==== Data extracts ====

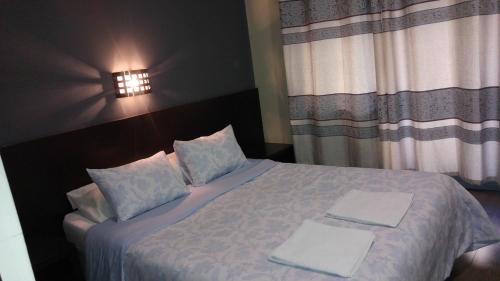 Double or Twin Room with Private Bathroom image 6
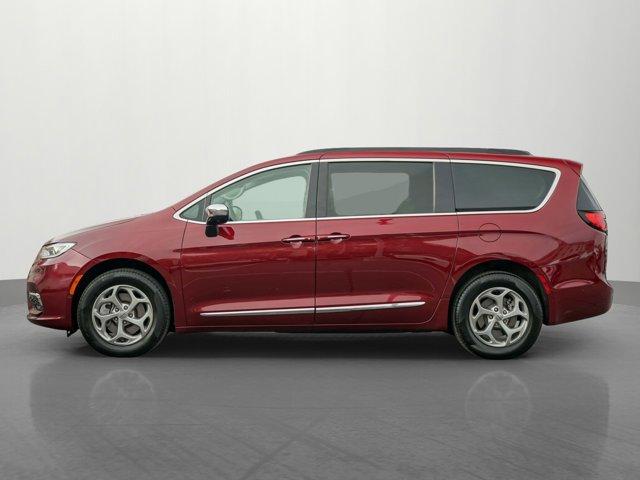 used 2023 Chrysler Pacifica car, priced at $41,591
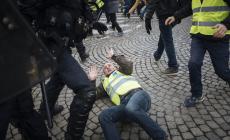 Gilet gialli a Parigi: guerriglia sugli Champs-Elysées
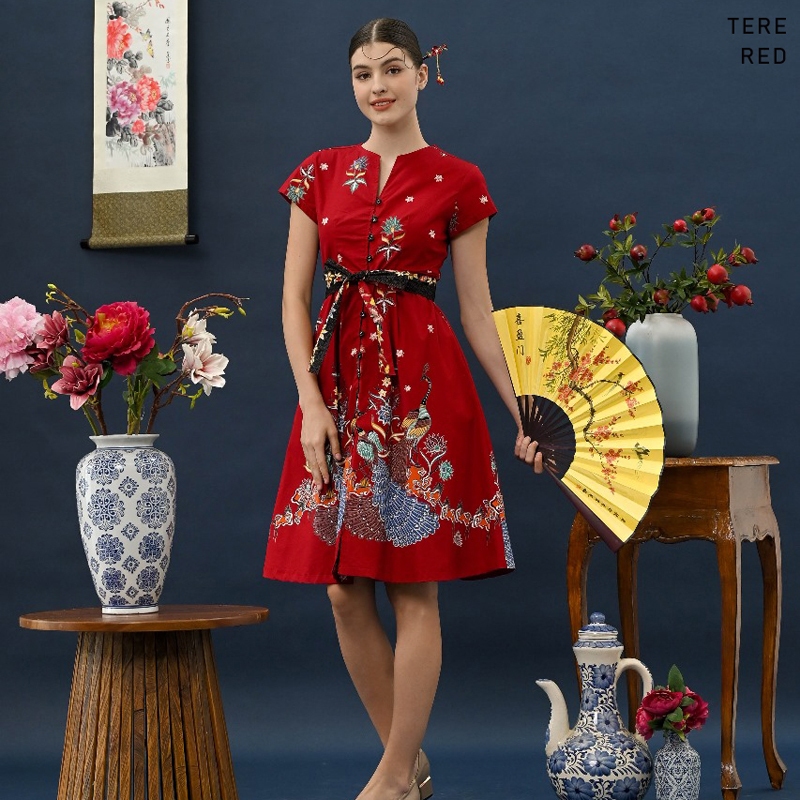 Tere Cheongsam Batik Couple Qipao Dress Batik Modern Seragam Family Set Putih Merah Natal Imlek CNY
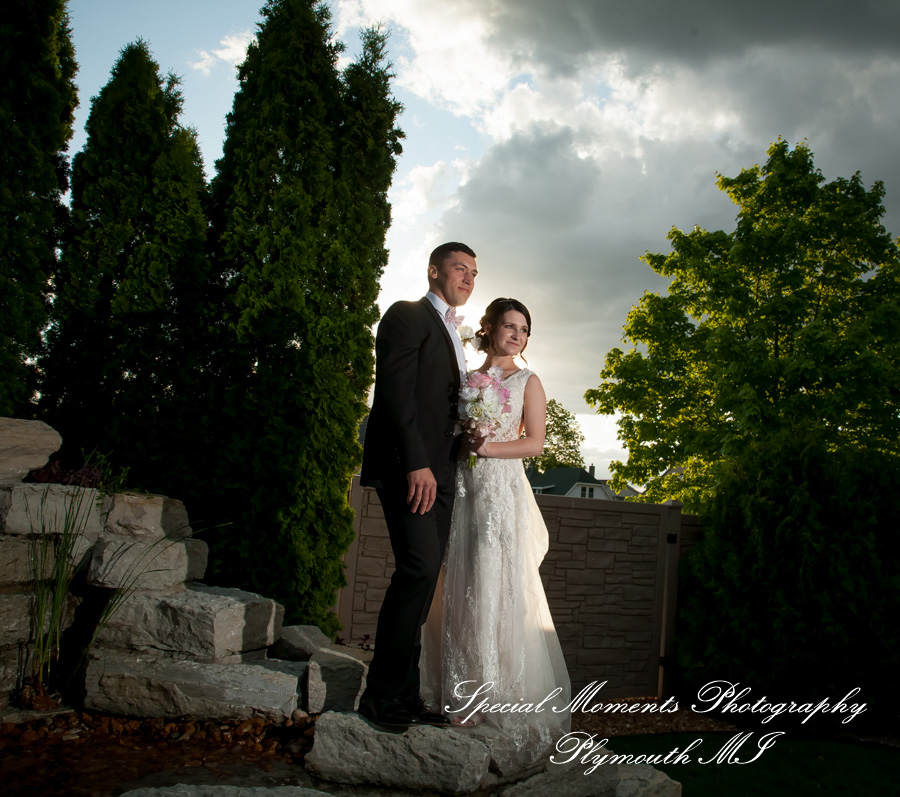 Reagan & Logan at Bentley Banquet Center Wyandotte MI wedding photography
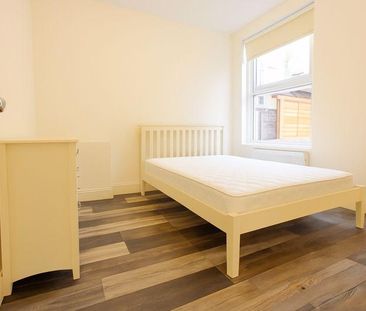 3 bedroom flat to rent - Photo 5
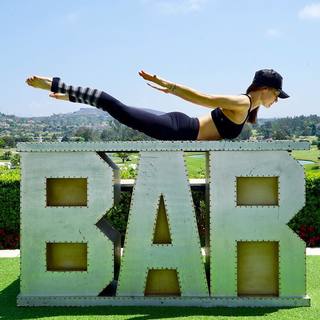 Liberte Chan feet photo thumbnail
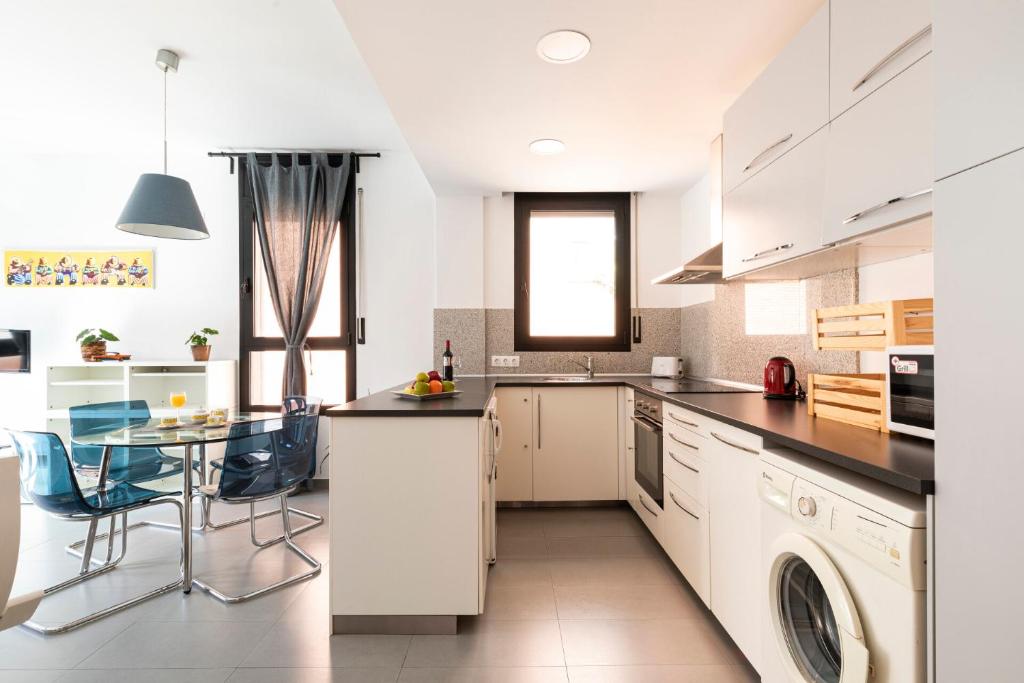 4152 - AB Plaza de Sants - 5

====

— Activity —
If pictures are present, they are dropped, and the entries above are written out word for word.

— Written response —
 Double or Twin Room with Private Bathroom image 6
 used 2023 Chrysler Pacifica car, priced at $41,591
 Gilet gialli a Parigi: guerriglia sugli Champs-Elysées
 Tere Cheongsam Batik Couple Qipao Dress Batik Modern Seragam Family Set Putih Merah Natal Imlek CNY
 Reagan & Logan at Bentley Banquet Center Wyandotte MI wedding photography
 3 bedroom flat to rent - Photo 5
 Liberte Chan feet photo thumbnail
 4152 - AB Plaza de Sants - 5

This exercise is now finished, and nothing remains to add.